:: Supplied entries ::

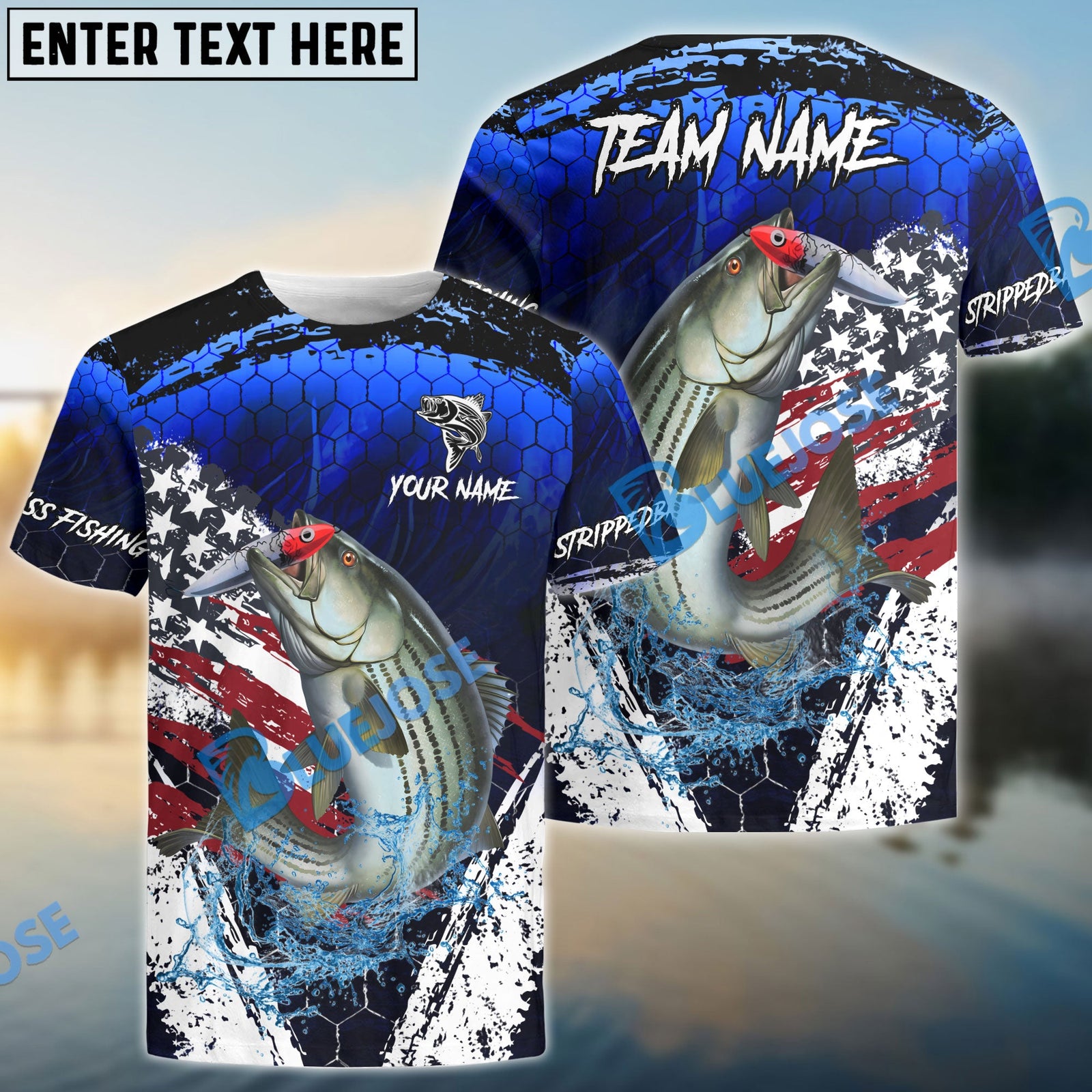 Bluejose Striped Bass Fishing Dark Blue Scratch American Flag scratch Sport Custom Name & Team Name 3D Shirts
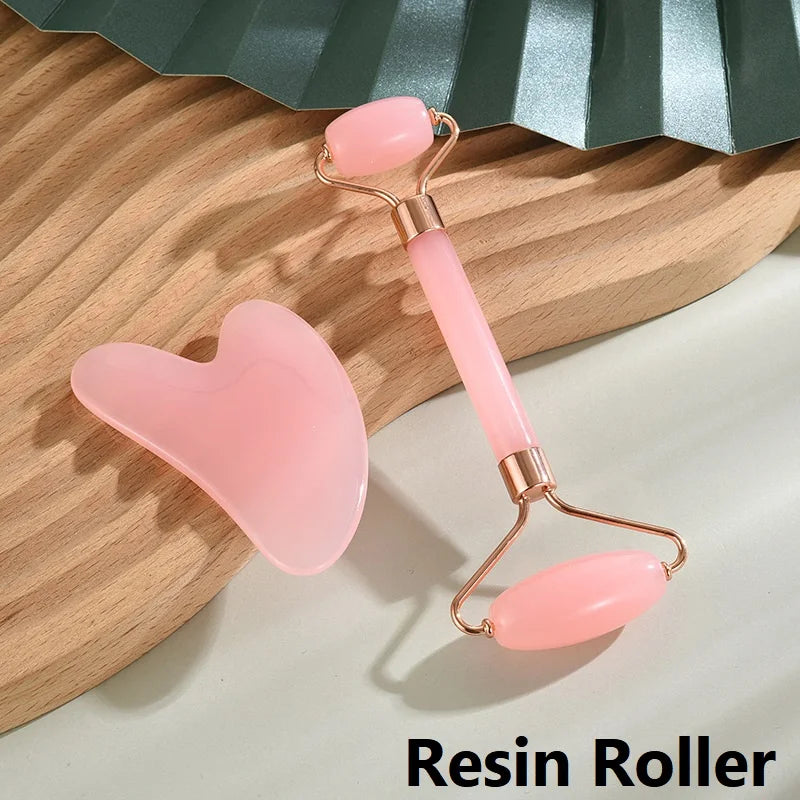 Gua Sha & Face Roller Duo | Natural Facial Massage Stone Set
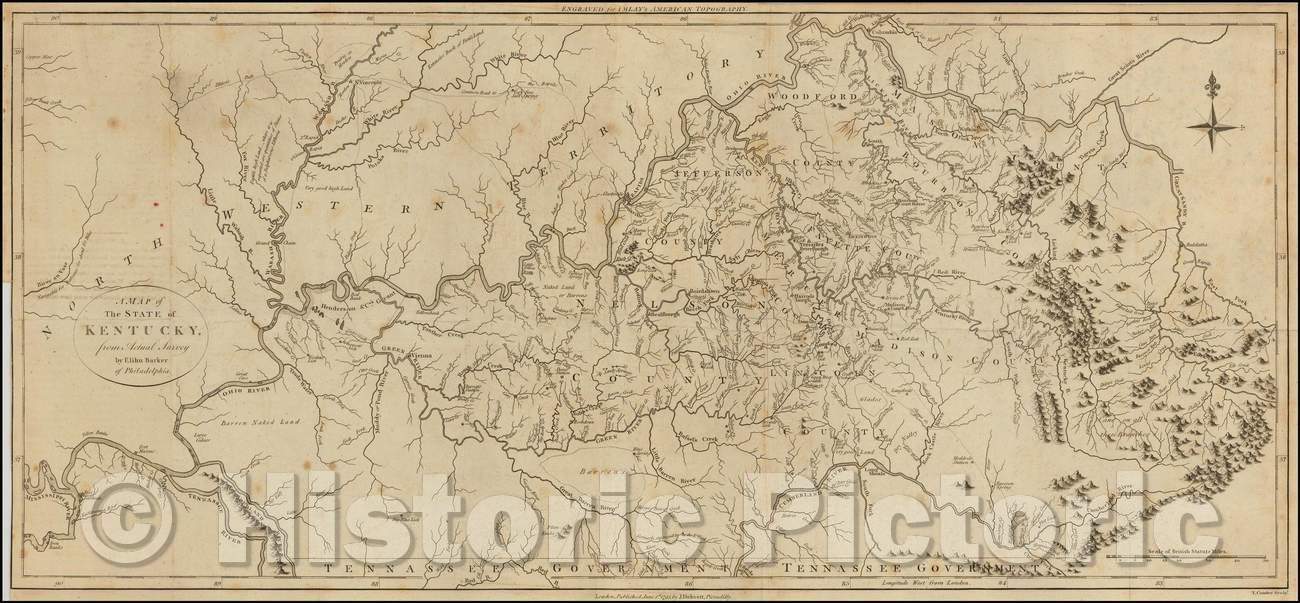 Historic Map - State of Kentucky, from Actual Survey, 1795, Thomas Condor - Vintage Wall Art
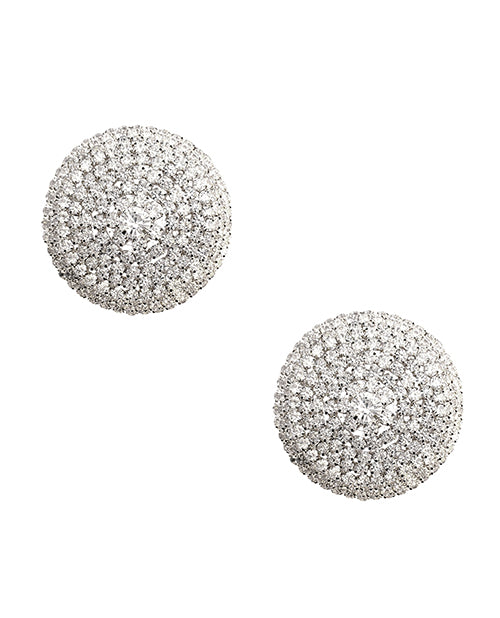 Neva Nude Burlesque Big O Crystal Jewel Reusable Silicone Pasties - Silver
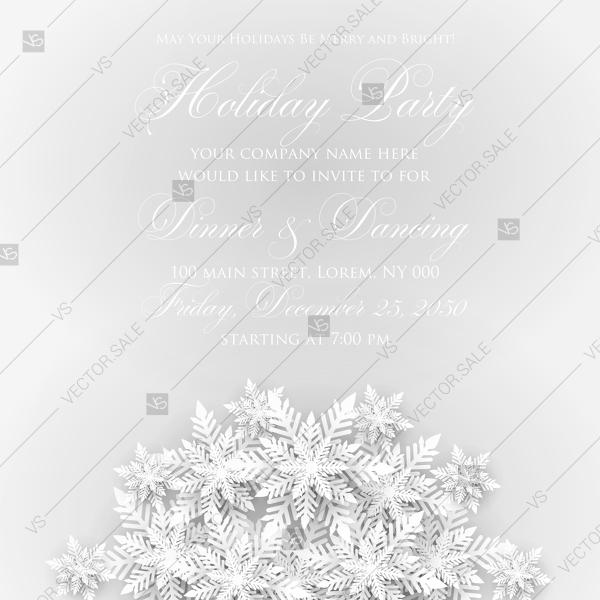 Wedding - Merry Christmas party invitation white origami paper cut snowflake PDF 5.25x5.25 in online editor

:::

§ To do
Quote the records above exactly, leaving out any pictures.

§ Task answer
 Bluejose Striped Bass Fishing Dark Blue Scratch American Flag scratch Sport Custom Name & Team Name 3D Shirts
 Gua Sha & Face Roller Duo | Natural Facial Massage Stone Set
 Historic Map - State of Kentucky, from Actual Survey, 1795, Thomas Condor - Vintage Wall Art
 Neva Nude Burlesque Big O Crystal Jewel Reusable Silicone Pasties - Silver
 Wedding - Merry Christmas party invitation white origami paper cut snowflake PDF 5.25x5.25 in online editor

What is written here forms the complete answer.